Evaluation Providers

April 19, 2026 · View on GitHub

asm eval evaluates a skill against a quality rubric and returns a score, verdict, and structured findings. Behind the command is a provider framework that plugs different evaluators into the same EvalResult shape — static linters today, domain-specific evaluators in the future, all speaking the same contract.

This doc covers:

  • How providers work and why they're versioned on two axes
  • How to pin a provider version
  • A checklist for adding a new provider

How providers work

Every provider implements the EvalProvider contract:

export interface EvalProvider {
  id: string; // e.g. "quality"
  version: string; // semver — bumps freely
  schemaVersion: number; // integer — only on structural breaks
  description: string;
  requires?: string[];
  externalRequires?: ExternalRequirement;
  applicable(ctx, opts): Promise<ApplicableResult>;
  run(ctx, opts): Promise<EvalResult>;
}

The runner in src/eval/runner.ts owns three cross-cutting concerns so providers don't have to: timing (startedAt + durationMs), error normalization (thrown errors become error-shaped EvalResult values), and timeout enforcement (both hard timeouts and external AbortSignals).

Provider resolution

Providers register into a shared registry (src/eval/registry.ts) keyed by id with an array of versions per id:

import { register, resolve } from "src/eval/registry";

register(qualityProviderV1); // quality@1.0.0

// Semver-range resolution — picks the highest version in range.
const p = resolve("quality", "^1.0.0");

Supported range shapes:

  • * or x — any version
  • X.Y.Z — exact match (including pre-release)
  • ^X.Y.Z — same major (or minor, when major is 0)
  • ~X.Y.Z — same major.minor

Two version axes

Providers carry two version numbers, and the distinction matters when you plan upgrades:

AxisMeaningBump when
versionProvider semver. Participates in resolve("id", "^1.0.0").You release a new provider build.
schemaVersionShape version of the EvalResult payload.You structurally change the result shape.

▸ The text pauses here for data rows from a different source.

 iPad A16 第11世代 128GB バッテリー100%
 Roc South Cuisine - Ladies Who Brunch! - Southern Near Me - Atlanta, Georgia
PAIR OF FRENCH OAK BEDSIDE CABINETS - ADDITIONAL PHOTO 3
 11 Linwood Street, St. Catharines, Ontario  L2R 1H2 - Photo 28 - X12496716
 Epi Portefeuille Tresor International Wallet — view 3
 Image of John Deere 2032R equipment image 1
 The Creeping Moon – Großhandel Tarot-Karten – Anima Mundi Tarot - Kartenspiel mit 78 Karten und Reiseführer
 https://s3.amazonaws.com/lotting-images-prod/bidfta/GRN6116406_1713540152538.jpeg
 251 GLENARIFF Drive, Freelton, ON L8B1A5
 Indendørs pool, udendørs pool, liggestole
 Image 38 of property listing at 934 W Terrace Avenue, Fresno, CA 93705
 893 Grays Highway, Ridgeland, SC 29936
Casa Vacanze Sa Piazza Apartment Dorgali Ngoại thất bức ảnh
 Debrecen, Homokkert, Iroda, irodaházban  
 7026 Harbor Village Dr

In practice, schemaVersion barely moves — once a provider ships v1 with its result shape, downstream parsers lock in. version bumps freely across feature/fix releases. Tools that consume EvalResult JSON output should key parsers off schemaVersion, not version.

Listing registered providers

asm eval-providers list

Shows id, version, schemaVersion, description, and any requires tags. --json emits a machine-readable array of the same records.

Pinning a provider version

Via ~/.asm/config.yml:

eval:
  defaults:
    threshold: 70
    timeoutMs: 60000
  providers:
    quality:
      version: "^1.0.0" # pin the range
      threshold: 80

The version key is a semver range that future CLI upgrades honor. Today asm eval picks the highest version in range; explicit pinning is what keeps CI stable when a new provider version ships.

Output modes

ModeFlagUse case
Human(default)Terminal reading; colors by default
JSON--jsonAd-hoc scripting
Machine v1--machineCI pipelines; stable envelope schema

Checklist: add a new provider

Follow these steps when wiring a new evaluator into the framework.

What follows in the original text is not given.